#### [WHAT IS EXPECTED]
A faithful copy is required: transcribe each line below exactly, minus the pictures.

#### [DATA EXCERPT]
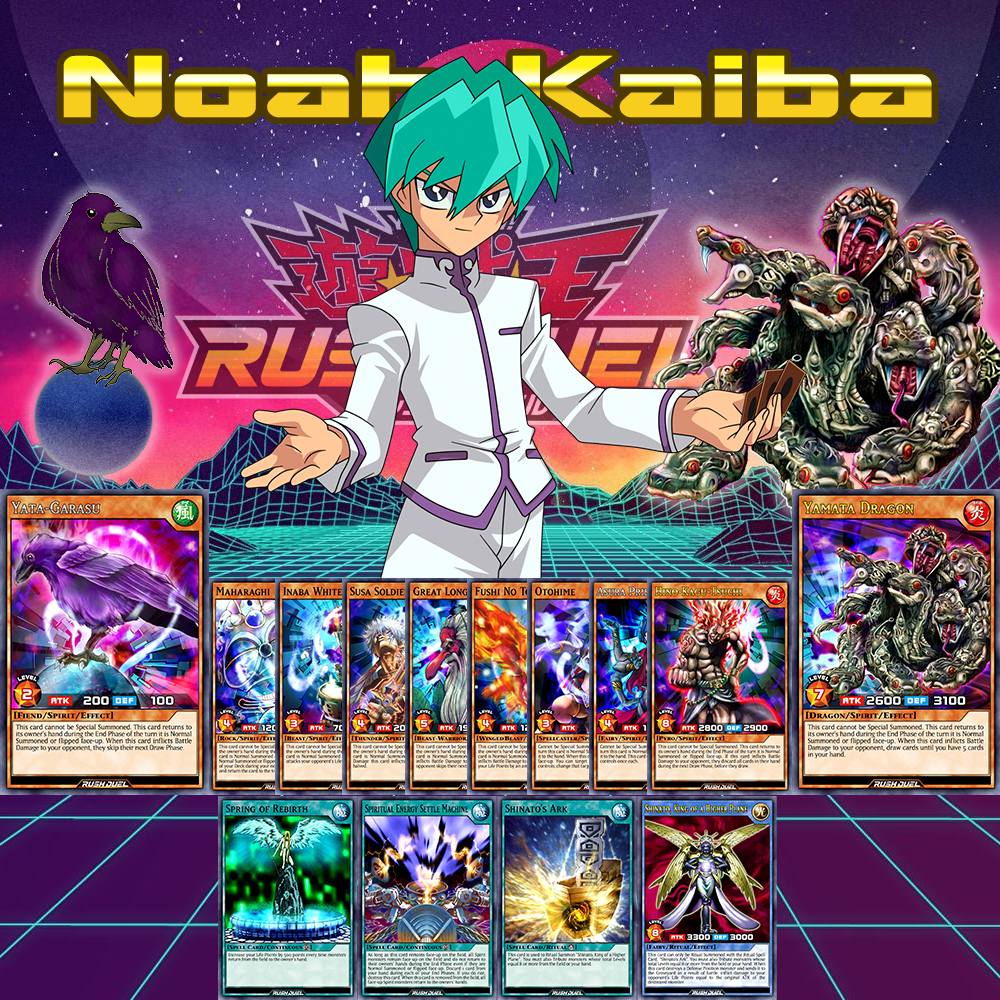 yugioh noah kaiba deck Unlocked Noah Kaiba recently in #YugiohDuelLinks as I'm very interested in building Shinobird Deck too!! Can't wait I'm loving this new Massive Update to Duel Links!! What decks are you using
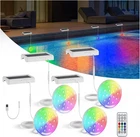 Solar Pool Lights 4 Pack - Usb Rechargeable Led, 22 Colors, IP68 Waterproof New. Price: $133.99.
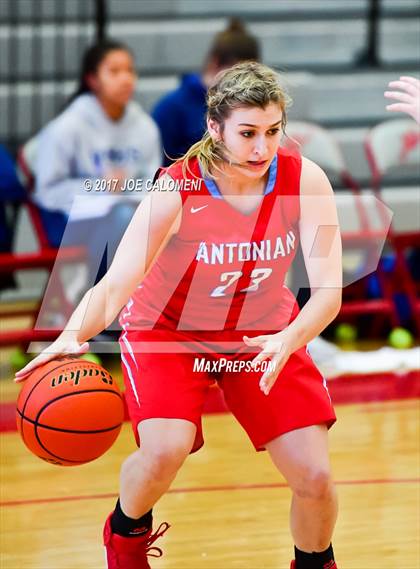 Thumbnail 1 in Antonian Prep vs Veterans Memorial (Mira's Texas Riviera Tournament) photogallery.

#### [SOLUTION TO THIS TASK]
 yugioh noah kaiba deck Unlocked Noah Kaiba recently in #YugiohDuelLinks as I'm very interested in building Shinobird Deck too!! Can't wait I'm loving this new Massive Update to Duel Links!! What decks are you using
 Solar Pool Lights 4 Pack - Usb Rechargeable Led, 22 Colors, IP68 Waterproof New. Price: $133.99.
 Thumbnail 1 in Antonian Prep vs Veterans Memorial (Mira's Texas Riviera Tournament) photogallery.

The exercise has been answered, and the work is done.